Wednesday, November 28, 2007

post

wahlao after reading fren's blog suddenly feel like blogging..

but i dunoe where to start..


anyways..

still quite moody.. the feeling that when everything is so calm and peaceful.. is the time THAT wound seems to ache the most..

anyways reading the news of the 5 dragonboaters.. as usual, it didnt hit me much initially.. but as i clicked on a link that linked to one of his fren's blog.. i got reminded of everything i did after i received the call bout her.. everything is so similar.. suddenly i did some serious condolences things (things like 1 min of silence) that right now i believed that moment i really tio impacted..
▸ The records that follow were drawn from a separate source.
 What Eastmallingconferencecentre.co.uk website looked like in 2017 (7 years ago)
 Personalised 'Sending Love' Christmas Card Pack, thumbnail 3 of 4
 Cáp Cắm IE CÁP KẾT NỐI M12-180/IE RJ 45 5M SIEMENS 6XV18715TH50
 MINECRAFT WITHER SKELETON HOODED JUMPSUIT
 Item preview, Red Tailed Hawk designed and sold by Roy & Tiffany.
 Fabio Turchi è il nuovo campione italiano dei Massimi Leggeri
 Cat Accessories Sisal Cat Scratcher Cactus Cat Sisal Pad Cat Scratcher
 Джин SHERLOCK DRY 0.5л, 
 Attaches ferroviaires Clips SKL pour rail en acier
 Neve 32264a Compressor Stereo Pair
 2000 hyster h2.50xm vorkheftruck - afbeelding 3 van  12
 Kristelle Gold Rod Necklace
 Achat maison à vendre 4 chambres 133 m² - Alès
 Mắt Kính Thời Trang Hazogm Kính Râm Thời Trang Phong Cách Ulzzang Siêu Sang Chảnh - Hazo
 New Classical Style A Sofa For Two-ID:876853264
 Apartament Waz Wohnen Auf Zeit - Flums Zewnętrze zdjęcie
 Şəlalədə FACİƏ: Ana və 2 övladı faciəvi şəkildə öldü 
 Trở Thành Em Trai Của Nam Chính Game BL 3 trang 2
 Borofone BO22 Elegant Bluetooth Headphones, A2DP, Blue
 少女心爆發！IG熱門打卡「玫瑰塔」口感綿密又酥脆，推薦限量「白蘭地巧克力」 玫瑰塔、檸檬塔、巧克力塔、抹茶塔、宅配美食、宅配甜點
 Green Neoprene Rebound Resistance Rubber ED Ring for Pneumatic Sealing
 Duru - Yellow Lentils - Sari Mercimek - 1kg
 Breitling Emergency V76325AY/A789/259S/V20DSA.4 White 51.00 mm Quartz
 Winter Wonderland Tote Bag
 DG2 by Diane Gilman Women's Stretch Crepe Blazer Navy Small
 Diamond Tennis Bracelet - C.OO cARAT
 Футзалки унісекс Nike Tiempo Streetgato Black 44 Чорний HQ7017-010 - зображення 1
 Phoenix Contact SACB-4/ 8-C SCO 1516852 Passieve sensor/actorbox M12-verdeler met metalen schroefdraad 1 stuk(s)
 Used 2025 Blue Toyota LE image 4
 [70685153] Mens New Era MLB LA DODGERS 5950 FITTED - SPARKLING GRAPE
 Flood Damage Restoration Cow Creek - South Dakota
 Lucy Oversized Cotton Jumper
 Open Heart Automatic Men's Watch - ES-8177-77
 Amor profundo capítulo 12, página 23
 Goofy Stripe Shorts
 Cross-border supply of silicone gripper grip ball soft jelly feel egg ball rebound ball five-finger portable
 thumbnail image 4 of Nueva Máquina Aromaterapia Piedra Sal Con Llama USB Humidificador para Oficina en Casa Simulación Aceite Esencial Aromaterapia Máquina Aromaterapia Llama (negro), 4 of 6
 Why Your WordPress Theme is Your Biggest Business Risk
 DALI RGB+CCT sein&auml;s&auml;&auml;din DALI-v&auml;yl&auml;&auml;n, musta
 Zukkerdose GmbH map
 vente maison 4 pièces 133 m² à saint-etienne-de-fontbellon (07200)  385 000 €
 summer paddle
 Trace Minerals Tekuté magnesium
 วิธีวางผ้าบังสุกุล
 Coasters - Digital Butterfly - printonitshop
but... haiz.. why do humans always forget that death is always a footstep away...

why do we always forget that even friends and families, even the girl you loved the most.. will die.. why do we always take it that death will not happen in the most joyous of circumstances..

i also realised my dog MIGHT hav a skin disease.. it whole day keep scratching itself.. until when we noticed that it's knee even the skin also gone... coz it keep scratching there.. and the ear also.. disgusting..

suddenly at tt point of time.. as i look as my dog running around in the living room.. i start to tink of the moment him passing away..

i've grown attached to him.. since dogs only live maybe 10-16 years.. but of coz.. it might come even faster.. the day is gonna come..

mayb i shd not grow so attached to things anymore.. mayb prepare myself for everyone's death..

tis.. is torturous





anyways, i was tinking ever since my mood and behavior seems to have taken a turn for the worse, esp since the previous post's 'quarrel'.. i have felt such guilt.. dat i told myself to sort of jus "keep tinking of it (the incident) until it's no longer painful"..

mayb sometimes its better to assume we are villainous than a honest and integrity person... sometimes when things are out of your control.. or you just simply fall to it.. at least u dun hav to bother yourself wif such things because "you are evil, you are the villain"..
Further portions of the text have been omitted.